Although they both had full-time jobs, Paula and Lloyd hammered away at the project in their spare time. Tasks included finding subjects and setting up meetings, then taking trips around the country to conduct interviews and take photographs. Thousands of hours were spent writing, editing and rewriting the text.
Finally, in May of 2000, the first printed copies of the book arrived. “It was like waiting for our baby to be delivered,” says Paula who celebrated the publication by opening a bottle of champagne she had been chilling for four years.

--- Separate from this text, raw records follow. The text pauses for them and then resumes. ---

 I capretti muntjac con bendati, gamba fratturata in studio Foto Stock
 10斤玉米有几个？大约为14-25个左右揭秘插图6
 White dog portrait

Although most of the 20,000 copies printed have sold out since then, Paula and Lloyd continue to promote their book, traveling around the country to give lectures and hang exhibits of the photographs in bookstores, art and photo galleries and museums.
“The 50 people we interviewed are so very dedicated to their families, communities and their country,” Paula says. “Yet, if Lloyd and I were to do it all over again and pick a different set of 50 women, I think we could easily convey the same message. For the most part, America’s Jewish mothers are a success story. Their individual lives reflect Jewish concerns, but their joys and struggles as mothers have a universal appeal.”
It turns out Jewish men have much to share, too. Paula and Lloyd are currently collaborating on Mensch, a pictorial of 50 Jewish American fathers due in bookstores on Father’s Day, 2005.